Mit dem viermaligen Weltmeister ist Titelhamster Gündoğan noch ohne Trophäe. Bei der EM 2012 war er Reservist ohne Einsatz, die WM 2014 und EM 2016 verpasste er verletzt, beim Desaster 2018 spielte er nur gegen Schweden. Erst bei der EM 2021 war er Stammspieler, doch weil ihm vor dem Achtelfinale gegen England der Kopf mächtig brummte, musste er passen - und die Nationalelf scheiterte. In Katar kam bei der letztlich entscheidenden Niederlage gegen Japan nach seiner Auswechslung der Bruch im deutschen Spiel. Das soll sich nun ändern.
Und der 32-Jährige, der alles andere als ein Lautsprecher ist und auf Pressekonferenzen trotz aller Routine immer noch angenehm aufgeregt wird, macht Werbung für sich selbst. Nicht aus eigenem Antrieb, sondern auf explizite Frage. "Ich kann viel positive Energie und eine gewisse Ruhe reinbringen. Hansi weiß, dass ich flexibel einsetzbar bin", sagte er. Das ist bescheiden, nach den Erfolgen im Verein aber auch bestimmt und faktisch unterfüttert: "Ich kann mich schnell umstellen auf die Anforderungen auf der Sechs, auf der Acht, auf der Zehn." Um seinen Drang nach vorne zeigen zu können, wäre ihm allerdings "eine Absicherung mit einem klaren Sechser" am liebsten. So ein Spielertyp gebe ihm "eine gewisse Sicherheit".
"Können Momente für die Ewigkeit werden"
Damit spricht er einen wunden Punkt in der Nationalmannschaft an. Denn im Kraftzentrum herrscht ein Vakuum. Kimmich ist sehr umtriebig, versucht das Spiel immer wieder an sich zu reißen. Goretzkas Qualitäten kommen in der defensiven Rolle ebenfalls nicht zur Geltung. Er braucht Platz vor sich, um mit seiner Dynamik anzutreiben, Tiefe zu schaffen, Torgefahr zu erzeugen. Einen Sechser wie den Spanier Rodri bei Manchester City, den gibt es in Deutschland in dieser Form nicht. Nicht auf diesem Niveau. Am nächsten kommen ihm vielleicht noch Rani Khedira und Robert Andrich. Aber diese Vergleiche wirken wie aus einer anderen Welt.
Bitter für Gündoğan, der in dieser Symbiose so gut ist wie vielleicht nie zuvor in seiner Karriere und daher im Sommer sehr umworben ist. Zum BVB, das bekannte er, gab es Kontakt, aber nie die realistische Option einer Rückkehr. Der FC Barcelona mit Coach Xavi soll ganz heiß auf den Spielmacher sein, er könnte der Chef einer neuen Tiki-Taka-Generation werden. Aber auch Guardiola will ihn nicht hergeben, eine Verlängerung seines auslaufenden Vertrags ist daher eine ebenso realistische Option.

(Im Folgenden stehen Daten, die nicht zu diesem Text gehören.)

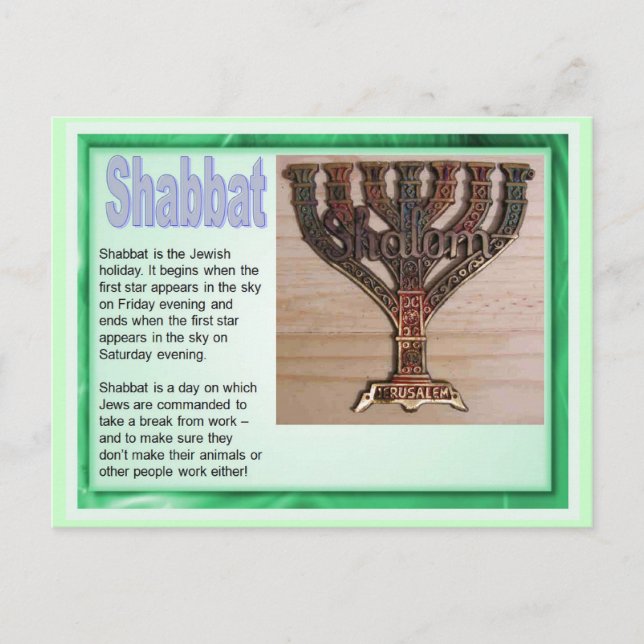 Utbildning, religion, judendom, shabbat vykort (Framsida)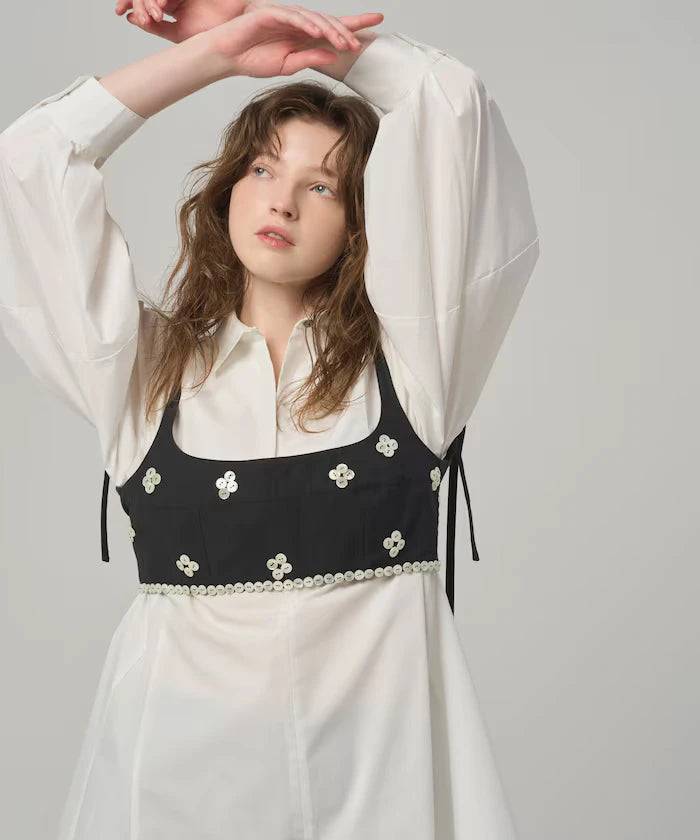Flare Silhouette Skipper Balloon Sleeve Shirt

Diese Chefrolle soll es auch in Deutschland werden. Viele Fans sehen in ihm einen Heilsbringer, was er selbst gar nicht mag. Zumal es noch nicht allzu lange her ist, dass viele Menschen im Land mit dem Fußballer fremdelten, als er vor der WM 2018 gemeinsam mit Mesut Özil und dem türkischen Präsidenten Recep Tayyip Erdoğan auf einem Foto auftauchte. Der (zu) lange schweigende Özil wurde zur nationalen Angelegenheit in Deutschland (mit ganz viel Dreck von allen Seiten) und brach Wochen später schließlich wütend mit dem DFB. Gündoğan erklärte sich nach der ersten Aufregung, es wurde hernach ruhiger um ihn. Politisch, nicht sportlich.

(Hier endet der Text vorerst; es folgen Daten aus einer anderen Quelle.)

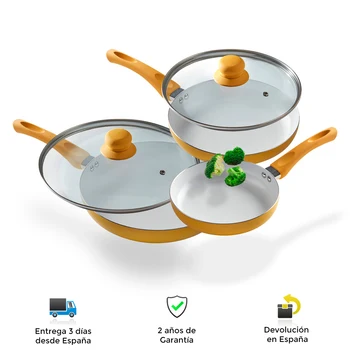 

Ceramic pans Set, non-stick, high quality, induction, gas, contaminant free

Nun ist er auf seinem Höhepunkt, unverzichtbar. Und will nach Jahren des Frusts beim DFB-Team ein wichtiger Bestandteil einer neuen Erfolgsgeschichte werden, am liebsten bei der Heim-EM im nächsten Jahr: "Ich sehe keine Nation, die den anderen haushoch überlegen wäre. Wir glauben an unsere Stärken, die schlummern in uns", sagte Gündoğan. "Das können Momente für die Ewigkeit werden." Er weiß aber auch, dass "wir jetzt mit Erfolgserlebnissen loslegen müssen, um für Aufbruchstimmung zu sorgen".